Accompanied by his wife Grace, Mugabe was in Tokyo on a five-day state visit to seek investment in Zimbabwe. The country’s economy is slipping back into crisis nearly three years after the president was re-elected to power in the country he has ruled since independence in 1980.
Critics and the opposition Movement for Democratic Change say a controversial indigenisation law, which says that foreign investors can hold no more than 49% of shares in companies they have set up, is scaring away would-be investors.
Mugabe's nephew Patrick Zhuwao, who is Zimbabwe's indigenisation minister, last week repeated a threat to cancel the licences of foreign and white-owned firms that do not comply with the law by April 1.

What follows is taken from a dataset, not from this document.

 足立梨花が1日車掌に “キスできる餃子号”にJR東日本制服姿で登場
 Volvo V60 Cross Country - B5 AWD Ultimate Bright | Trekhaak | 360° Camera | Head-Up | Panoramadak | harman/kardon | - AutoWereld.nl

Mugabe’s comments came after he held talks with Japanese Prime Minister Shinzo Abe. They signed an economic co-operation agreement, which would see Japan funding road rehabilitation in Zimbabwe, according to a tweet from ZBC journalist Clarkson Mambo.
The Japan Times said the pledge was for $5m.
Abe was reportedly keen to get Mugabe's backing for his bid to push for reforms of the UN Security Council. During a press conference, Mugabe complained about the "slow pace of reform" at the UN.
The official Chronicle newspaper reported on Monday that he had more than 13 scheduled meetings with Japanese government officials and companies.